How To Train Your Dragon: The Hidden World had some awesome animation at play. Usually I’m not a huge fan of CG animation outside of Pixar, but the look of this film was genuinely so sleek and gorgeous in appearance. Sequences in the skies to scenes in the snow – every conceivable frame of The Hidden World really popped for DreamWorks quality. The character designs and dragon appearances were all also very detailed and smartly rendered. I was hesitant in what the fabled “Hidden World” would look like as I believed purely off the name of the place, it sounded dull, but the dragon realm shown in this film was so damn beautiful, it was rather captivating. All in all, I had no problem in how The Hidden World looked – the animators gave this film their all.

I also would like to really applaud The Hidden World on its ability to continue world-building so effectively even as the third installment in the franchise. The fresh new ideas and concepts that surfaced in The Hidden World all continued to breathe life into this universe with the awesome introduction of the ‘Light’, ‘Bright’, ‘White’ Night Fury (or whatever) and, of course, the appearance of the titular Hidden World. Everything just seemed thought through and executed really well, in comparison to the earlier entries.

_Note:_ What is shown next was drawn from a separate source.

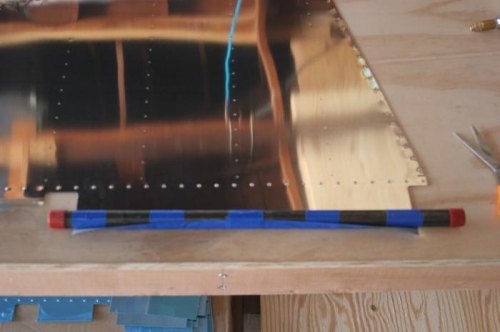 Taped Rudder Leading Edge Ready to be Rolled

However, I would say the movie had some complications that I could not entirely oversee including difficulties with the villain, so plot holes and structural issues. To quickly breeze through these faults that I felt were evident in The Hidden World, firstly, I thought the villain was rather generic. Another dragon hunter with a cool visual design and an intimidating demeanour but ultimately nothing new to bring in terms of motivations or passion, the villain of The Hidden World (I’ve already forgotten his name) really dampened the film’s proceedings whenever the story would cut back to him. Also, I genuinely thought The Hidden World had problems with its plot like bits and pieces of the villain’s plan and a sequence involving Hiccup’s mother infiltrating the villain’s base of operations – there were just moments in this movie where I would sit and think “What? Why?”.

My last problem was probably the biggest I had with The Hidden World but also one that most people would overlook and I could understand why: structure. Now structure is not entirely something that may effect people’s enjoyment of a film but based off genuine flow, I feel structure is important to how a story operates. The final sequence of The Hidden World felt a little underwhelming because there was no real escalation – the final act seemingly just happened real suddenly as I would have to boil down that issue to structure. The Hidden World never really abided to a visible structure and basically just moved at its own pace. Though, the final action sequence just occurred out of the blue and felt real jarring compared to the mellow movement of the plot beforehand. It was like The Hidden World just unintentionally hit 100 real fast purely because the structural support to the narrative just wasn’t quite there.

All in all though, How To Train Your Dragon: The Hidden World was a brilliant finale to a brilliant three part cinematic tale. Like I said, if you’re a big enough fan, my minor issues could definitely be overlooked as the investing relationship between Hiccup and Toothless was strong enough to carry the entire film over its problems. The Hidden World was an important film due its pure dedication to teaching children, and even adults, the value of friendship, including trust and loyalty, but most importantly understanding what trials and tribulations a true friendship can withstand due to unwavering love. The How To Train Your Dragon films combined are something special, and although, by itself, its not the greatest film ever made, The Hidden World was, in a way, the perfect conclusion to a trilogy and friendship ever dedicated to 21st century cinema.

How To Train Your Dragon: The Hidden World is a bloody… CRUSADE!!